More Frequent Meat Inspections Planned

Felipe Murillo seperates sides of beef as they cool at the Creekstone Farm Premium Beef meatpacking plant in Arkansas City, Kan. in this March 31, 2004, file photo.
AP
Stepped-up inspections at some meat and poultry plants are set to begin soon, according to an Agriculture Department official overseeing the first overhaul of food safety inspections in a decade.

"This new process will take what I believe is already a very safe food supply and make it safer," said Agriculture Undersecretary Richard Raymond.

The proposal would change the way the nation's favorite foods get inspected — processed meats like hamburgers, hot dogs, deli cuts and sandwich meat, reports CBS News correspondent Wyatt Andrews.

The idea — beginning in April — is to have USDA inspectors spend much more time examining processing plants that have the worst food safety records, and much less at plants that pose little or no risk.

The new policy, announced Thursday, is designed to increase scrutiny of processing plants where the threat of E. coli and other germs is high or where past visits have found unsafe practices. Plants with fewer risks and better food-handling records will be inspected less often.

Also taken into consideration will be the inherent safety of the food the plant processes.

"A smoked canned ham, for instance, has almost zero risk that you can get sick from eating it when you eat it right out of the can," Raymond said.

The Agriculture Department proposes switching to the new system at about 250 locations, or about 5 percent of the nation's estimated 5,300 processing plants.

"We will do this for a long time in these locations until we've had a chance to evaluate how well it's going, where the bumps in the road might be, what we might need to do differently and how training needs to change," said Raymond, the Agriculture Department's top food safety official.

As many as 1,200 plants might be part of the new system by Jan. 1.

Food safety critics weren't pleased. Carol Tucker Foreman, director of food policy for Consumer Federation of America, called the policy reckless and illegal. She said the new policy was the result of the White House's desire to reduce spending and "will almost surely result in more illnesses and more deaths from food poisoning."

Raymond said the changes were not money-driven, and that the goal was to reduce illness from food poisoning.

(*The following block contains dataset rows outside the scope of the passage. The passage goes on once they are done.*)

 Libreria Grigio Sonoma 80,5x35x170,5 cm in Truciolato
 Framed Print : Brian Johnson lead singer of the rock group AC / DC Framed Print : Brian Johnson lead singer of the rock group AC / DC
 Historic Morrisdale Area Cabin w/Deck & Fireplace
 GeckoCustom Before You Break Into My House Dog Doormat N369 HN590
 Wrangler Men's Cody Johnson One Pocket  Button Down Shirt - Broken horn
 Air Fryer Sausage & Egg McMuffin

Other critics say the idea has merit, but they fear the department is rushing a complex new system into place. The new system will start before officials have finished ranking the levels of risk posed by various meat products.

"Moving too quickly, before they have fully analyzed the risk of different products, could start the program in the wrong direction," said Caroline Smith DeWaal, food safety director at the Center for Science in the Public Interest.

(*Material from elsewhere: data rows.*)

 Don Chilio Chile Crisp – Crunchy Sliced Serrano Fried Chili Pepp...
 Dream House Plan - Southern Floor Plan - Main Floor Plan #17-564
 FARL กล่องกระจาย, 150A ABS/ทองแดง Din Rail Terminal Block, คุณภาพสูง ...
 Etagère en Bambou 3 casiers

Raymond said he thinks the timeline will reassure those who want change to happen gradually.

To decide the level of scrutiny a plant should get, the "risk-based" system will consider the type of product and a plant's size and record of food safety violations.

A plant that makes hamburger and has repeated violations would get more inspections. A plant that makes cooked, canned ham and has a clean track record would get less scrutiny.

Last fall, an Iowa company recalled about 5,200 pounds of ground beef products distributed from seven states because they might have been contaminated with a dangerous strain of E. coli. In early August, a Tennessee company recalled some 4,300 pounds of ground beef, also because of possible E. coli contamination.

Daily inspections of the plants are required under federal law and would continue, and the changes would apply only to processing plants and not to slaughter plants.

About 76 million people get sick from food poisoning each year in the United States. Around 325,000 are hospitalized, and 5,000 die each year because of food-borne diseases.

E. coli lives in the intestines of cattle and other animals and typically is linked to contamination by fecal material. It's believed responsible for about 60 deaths and 73,000 infections a year in the United States. The potentially deadly strain can cause bloody diarrhea and dehydration.